PROMPT – From the entries that follow, copy exactly the lines beginning at the line holding "Should You Drive" and continuing through the line holding "20220214 FP005GBPUSD.png".

(Stored data)
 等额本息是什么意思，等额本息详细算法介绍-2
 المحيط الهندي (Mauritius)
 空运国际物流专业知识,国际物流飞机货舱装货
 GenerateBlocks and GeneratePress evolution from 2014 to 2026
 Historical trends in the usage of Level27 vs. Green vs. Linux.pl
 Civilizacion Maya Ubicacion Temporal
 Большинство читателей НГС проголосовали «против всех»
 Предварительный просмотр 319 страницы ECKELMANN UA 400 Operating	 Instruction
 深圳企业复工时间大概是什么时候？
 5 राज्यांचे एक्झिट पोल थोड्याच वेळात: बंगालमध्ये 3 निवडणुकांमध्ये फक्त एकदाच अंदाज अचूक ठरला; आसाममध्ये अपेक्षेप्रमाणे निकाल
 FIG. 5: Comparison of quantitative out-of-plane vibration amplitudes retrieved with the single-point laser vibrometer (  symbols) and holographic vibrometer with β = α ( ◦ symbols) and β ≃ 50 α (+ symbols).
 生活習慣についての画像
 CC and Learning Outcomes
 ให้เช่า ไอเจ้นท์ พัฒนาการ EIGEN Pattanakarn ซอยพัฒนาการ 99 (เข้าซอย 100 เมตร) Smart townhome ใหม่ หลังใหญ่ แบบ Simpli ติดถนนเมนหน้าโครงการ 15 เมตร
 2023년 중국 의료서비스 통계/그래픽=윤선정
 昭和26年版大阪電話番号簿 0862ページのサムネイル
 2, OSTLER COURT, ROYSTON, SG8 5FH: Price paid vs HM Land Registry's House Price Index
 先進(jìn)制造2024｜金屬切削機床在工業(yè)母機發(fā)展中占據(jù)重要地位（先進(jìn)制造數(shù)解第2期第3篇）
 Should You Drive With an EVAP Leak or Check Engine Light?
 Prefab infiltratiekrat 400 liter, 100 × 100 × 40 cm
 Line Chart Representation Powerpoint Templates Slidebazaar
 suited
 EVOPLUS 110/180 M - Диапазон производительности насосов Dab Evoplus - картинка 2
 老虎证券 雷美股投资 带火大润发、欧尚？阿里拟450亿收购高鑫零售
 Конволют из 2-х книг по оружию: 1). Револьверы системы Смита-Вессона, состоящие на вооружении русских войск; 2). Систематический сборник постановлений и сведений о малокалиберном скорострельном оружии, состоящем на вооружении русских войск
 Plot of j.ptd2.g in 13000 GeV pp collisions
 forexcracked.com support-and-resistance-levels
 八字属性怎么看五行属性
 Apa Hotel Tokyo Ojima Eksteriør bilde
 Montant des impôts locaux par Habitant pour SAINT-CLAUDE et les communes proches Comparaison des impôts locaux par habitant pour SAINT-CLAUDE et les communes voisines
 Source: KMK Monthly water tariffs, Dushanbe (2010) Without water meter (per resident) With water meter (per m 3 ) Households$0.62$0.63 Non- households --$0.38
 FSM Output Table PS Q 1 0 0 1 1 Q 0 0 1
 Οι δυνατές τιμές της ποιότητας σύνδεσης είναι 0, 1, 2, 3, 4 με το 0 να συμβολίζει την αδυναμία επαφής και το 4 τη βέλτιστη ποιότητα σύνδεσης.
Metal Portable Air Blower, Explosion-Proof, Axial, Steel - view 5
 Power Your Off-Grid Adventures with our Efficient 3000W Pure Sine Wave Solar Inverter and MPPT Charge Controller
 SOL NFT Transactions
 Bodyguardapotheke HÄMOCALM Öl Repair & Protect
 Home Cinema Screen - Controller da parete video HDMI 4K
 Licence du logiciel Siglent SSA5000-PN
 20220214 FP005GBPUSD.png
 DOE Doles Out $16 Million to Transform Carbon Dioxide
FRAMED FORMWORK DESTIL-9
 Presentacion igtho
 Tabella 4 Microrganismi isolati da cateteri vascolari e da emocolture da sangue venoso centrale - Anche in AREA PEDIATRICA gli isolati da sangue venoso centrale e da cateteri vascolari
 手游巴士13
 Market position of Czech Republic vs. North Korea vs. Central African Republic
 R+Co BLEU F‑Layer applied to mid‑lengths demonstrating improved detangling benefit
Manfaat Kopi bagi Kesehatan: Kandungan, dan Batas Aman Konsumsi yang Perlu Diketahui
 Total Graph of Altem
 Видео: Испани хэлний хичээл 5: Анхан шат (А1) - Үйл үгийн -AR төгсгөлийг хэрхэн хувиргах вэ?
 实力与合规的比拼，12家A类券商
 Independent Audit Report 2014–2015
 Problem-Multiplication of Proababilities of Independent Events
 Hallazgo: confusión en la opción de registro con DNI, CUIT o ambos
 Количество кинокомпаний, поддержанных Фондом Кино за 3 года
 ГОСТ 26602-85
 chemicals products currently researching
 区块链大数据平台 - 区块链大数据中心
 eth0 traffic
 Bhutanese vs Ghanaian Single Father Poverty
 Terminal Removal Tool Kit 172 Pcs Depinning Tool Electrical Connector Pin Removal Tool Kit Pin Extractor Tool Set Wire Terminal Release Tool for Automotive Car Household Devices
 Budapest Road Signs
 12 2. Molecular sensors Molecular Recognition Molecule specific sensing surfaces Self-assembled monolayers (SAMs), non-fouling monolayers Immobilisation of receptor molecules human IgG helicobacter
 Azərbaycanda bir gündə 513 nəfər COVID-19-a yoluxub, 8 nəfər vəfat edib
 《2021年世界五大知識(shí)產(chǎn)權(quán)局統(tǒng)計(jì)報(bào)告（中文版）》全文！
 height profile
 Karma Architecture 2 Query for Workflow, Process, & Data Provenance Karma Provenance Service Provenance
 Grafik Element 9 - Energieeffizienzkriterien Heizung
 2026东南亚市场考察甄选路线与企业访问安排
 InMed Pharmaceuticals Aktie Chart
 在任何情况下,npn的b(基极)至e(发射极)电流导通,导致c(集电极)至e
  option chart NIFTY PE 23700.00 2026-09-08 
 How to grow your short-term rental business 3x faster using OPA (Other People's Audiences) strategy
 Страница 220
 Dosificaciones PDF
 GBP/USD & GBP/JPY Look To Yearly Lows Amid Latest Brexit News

ANSWER SPACE –
 Should You Drive With an EVAP Leak or Check Engine Light?
 Prefab infiltratiekrat 400 liter, 100 × 100 × 40 cm
 Line Chart Representation Powerpoint Templates Slidebazaar
 suited
 EVOPLUS 110/180 M - Диапазон производительности насосов Dab Evoplus - картинка 2
 老虎证券 雷美股投资 带火大润发、欧尚？阿里拟450亿收购高鑫零售
 Конволют из 2-х книг по оружию: 1). Револьверы системы Смита-Вессона, состоящие на вооружении русских войск; 2). Систематический сборник постановлений и сведений о малокалиберном скорострельном оружии, состоящем на вооружении русских войск
 Plot of j.ptd2.g in 13000 GeV pp collisions
 forexcracked.com support-and-resistance-levels
 八字属性怎么看五行属性
 Apa Hotel Tokyo Ojima Eksteriør bilde
 Montant des impôts locaux par Habitant pour SAINT-CLAUDE et les communes proches Comparaison des impôts locaux par habitant pour SAINT-CLAUDE et les communes voisines
 Source: KMK Monthly water tariffs, Dushanbe (2010) Without water meter (per resident) With water meter (per m 3 ) Households$0.62$0.63 Non- households --$0.38
 FSM Output Table PS Q 1 0 0 1 1 Q 0 0 1
 Οι δυνατές τιμές της ποιότητας σύνδεσης είναι 0, 1, 2, 3, 4 με το 0 να συμβολίζει την αδυναμία επαφής και το 4 τη βέλτιστη ποιότητα σύνδεσης.
Metal Portable Air Blower, Explosion-Proof, Axial, Steel - view 5
 Power Your Off-Grid Adventures with our Efficient 3000W Pure Sine Wave Solar Inverter and MPPT Charge Controller
 SOL NFT Transactions
 Bodyguardapotheke HÄMOCALM Öl Repair & Protect
 Home Cinema Screen - Controller da parete video HDMI 4K
 Licence du logiciel Siglent SSA5000-PN
 20220214 FP005GBPUSD.png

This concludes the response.